A gold-financing
scheme might seem an attractive option, especially when jewellers offer huge
discounts. Take a closer look. These schemes are offering standard discount
rates that can be achieved through any other financial investment.
Buyers are
instead better off buying gold ETFs immediately from the market instead.
There are
various gold investment options being promoted by jewellers and investment
companies.
Satyug Gold, a
new gold retail chain, is offering gold coins and bars at discounts but with a
lock-in period for delivery. You will get a discount of 15% t with a lock-in of
2 years, 24% for 3 years, 30% for 4 years and 37% for 5 years.
If you “buy” 10
gram (for Rs. 29,055, the price on April 15, 2014) and allow for delivery after
5 years, you pay only Rs. 18,588 plus 1% value-added tax, which works out to
Rs. 18,773.
You will receive
a card & an invoice stating you have booked the gold. The card has your
photo and details of purchase (how much bought, rate at which bought, discount,
purity of gold, etc). The scheme is being promoted by the India Bullion and
Jewellers Association.
Experts,
however, are cautious about such schemes. Mr.

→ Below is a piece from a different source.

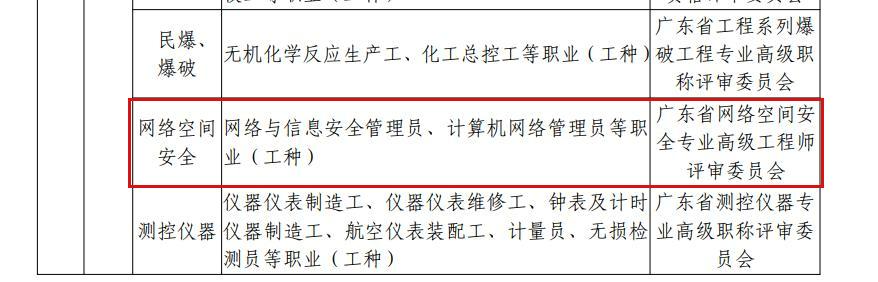 网络与信息安全管理师证好考吗,网络与信息安全管理员证书好考吗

Kunal Kohli, Gold Analyst, Emkay
Financial Services, says the scheme is similar to a futures contract and is a
good option for investors because over a
5 year period, gold prices will move up.
“Gold is a
commodity which will do well irrespective of how other assets are performing.
But investors must consider it only if a jewellery association will give a
guarantee that the delivery will happen, not otherwise. While investing, investors must ask for a stamp to this
effect,” he says.
Another gold
purchase scheme on offer is waiver of one instalment plan.
For example,
against payment of 10 instalments, the jeweller will pay the final 11th
instalment. So, if you pay Rs. 5000 for 10 months, you can buy gold worth Rs.
55000 after 11 months.
But all these
schemes are using the time value of money.
For example, if
you are investing regularly in a monthly investment scheme that provides
returns at nearly 18% per annum, at the end of 11 months, the value of your
investment of Rs. 5000 per month will amount to Rs. 55000.
For a 5 year
scheme that gives you a discount, consider a fixed deposit with a bank instead.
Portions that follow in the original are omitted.